Personne ne peut rater les nombreuses publicités des officines florissantes du marché de l’angoisse scolaire : elles prétendent faire réussir les élèves là ou l’Ecole n’y parvient pas. Cours particuliers ou en petits groupes, coaching, rattrapage, aides aux devoirs, entraînement aux examens, …la course est lancée. La course aux profits évidemment.
C’est d’ailleurs au motif que cette offre là est injuste et sélective que durant la dernière campagne présidentielle, les deux candidats de tête avaient à leur façon proposé de systématiser l’offre d’accompagnement scolaire, d’aides aux devoirs et de soutien. Car les termes sont souvent confus et négligent les acquis des pratiques d’accompagnement éducatif de la scolarité conduites de puis une vingtaine d’années par de nombreuses associations et collectivités.
C’est dans ce contexte que le ministre de l’éducation nationale a affiché une ambition publique nouvelle : faire de l’offre d’accompagnement éducatif 4 soirs par semaines scolaires une obligation nationale pour tous les élèves de l’école primaire au lycée d’ici 2011. L’intention est ambitieuse et louable. Le ministre aurait gagné à associer les acteurs et partenaires, en particulier les collectivités territoriales, les fédérations de parents et les associations éducatives dans la préparation et la mise œuvre d’une telle politique. Sur le fond comme sur la forme.
Car de quoi parle-t-on lorsqu’on évoque l’accompagnement éducatif. Majoritairement, compte tenu du poids de l’école, de l’importance de la réussite scolaire …de soutien scolaire et d’aide au travail scolaire. A cet égard, si le pilotage par l’éducation nationale d’une telle obligation traduit le fait que l’Ecole doit assumer ce qu’elle prescrit c’est une bonne nouvelle. Mais elle laisse en suspens deux questions majeures au moins :
• Ce que l’Ecole prescrit aujourd’hui est-il légitime dans le cadre d’une Ecole pour tous ?
• Doit-on mesurer la réussite sur les seuls critères de l’actuelle réussite scolaire et de quelle manière ? D’autant que depuis quelques années déjà une autre réussite, dite réussite éducative fait aussi l’objet d’une politique publique.
L’intention de faire entrer l’accompagnement éducatif dans une politique de droit commun n’est pas contestable. Mais, même si le ministre a prévu que les activités sportives et culturelles et artistiques s‘y inscrivent, il y a un véritable risque de cannibalisation du temps éducatif par les contenus scolaires. Ce qui se traduira par l’externalisation croissante des responsabilités de l’Ecole et la difficulté de faire évoluer ses pratiques et ses contenus afin de démocratiser la réussite de tous les élèves et de stopper la machine à exclure qu’elle est devenue pour de trop nombreux enfants des milieux populaires.
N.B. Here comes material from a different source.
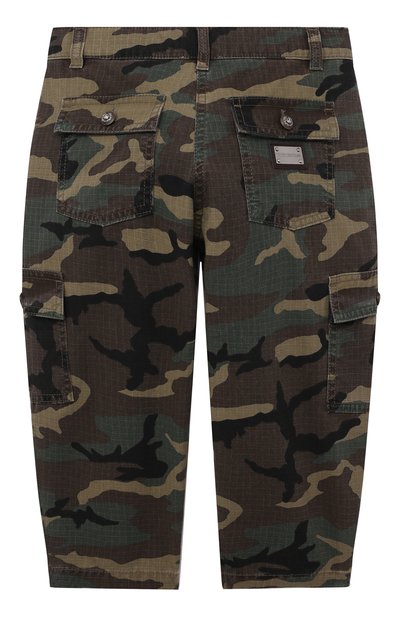 Брюки-карго DOLCE & GABBANA, арт. L53P12/G7C3D/2-6, фото 2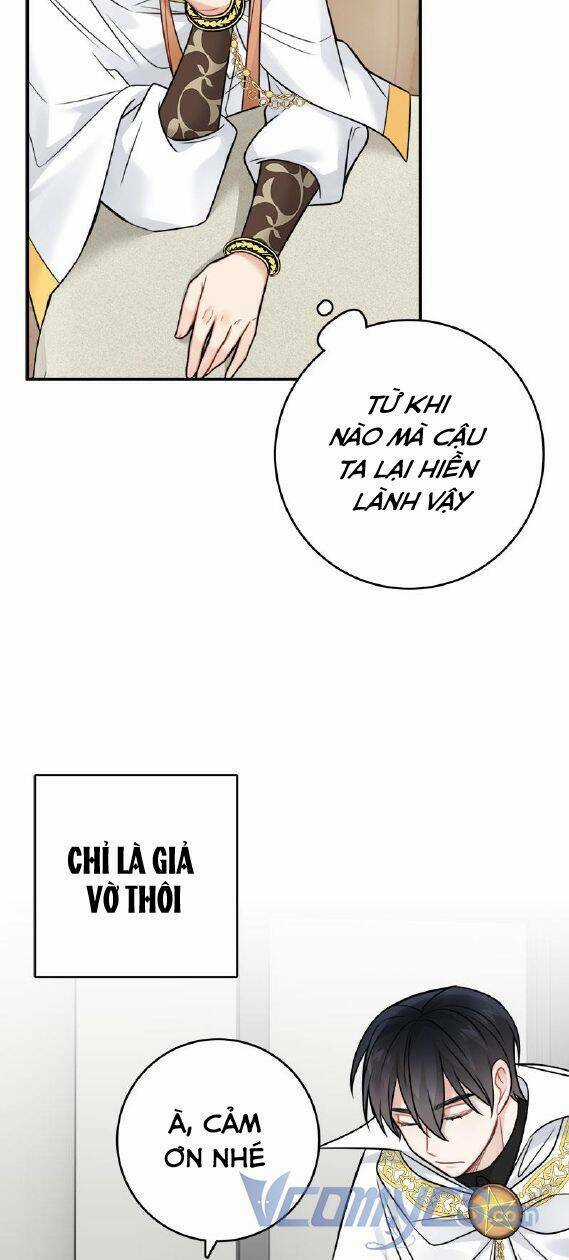 Nhật Ký Tuần Trăng Mật Của Phù Thủy Và Rồng Chapter 86 trang 41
La scolarisation excessive de l’espace éducatif, culturel et symbolique des enfants n’est pas la bonne réponse à la menace réelle d’en faire des cerveaux disponibles et des cœurs de cibles pour une consommation frénétique devenue raison de vivre.
Une Ecole singulière et exceptionnelle qui leur permet dans l’égalité d’apprendre ensemble à vivre ensemble, qui se concentre sur l’appropriation de savoirs qui libèrent et unissent, qui les outillent pour apprendre toute leur vie et qui remplit cette mission avec les autres apports culturels et éducatifs de leur famille, de leurs territoires, dans la cohérence et la complémentarité …voilà ce qu’il faudrait rechercher vraiment.
C’est d’éducation partagée et d’engagement éducatif de tous les acteurs dont les jeunes ont besoin…certainement pas d’acharnement scolaire, surtout pour réussir leur scolarité.
Eric FAVEY
Secrétaire national de la Ligue de l’Enseignement.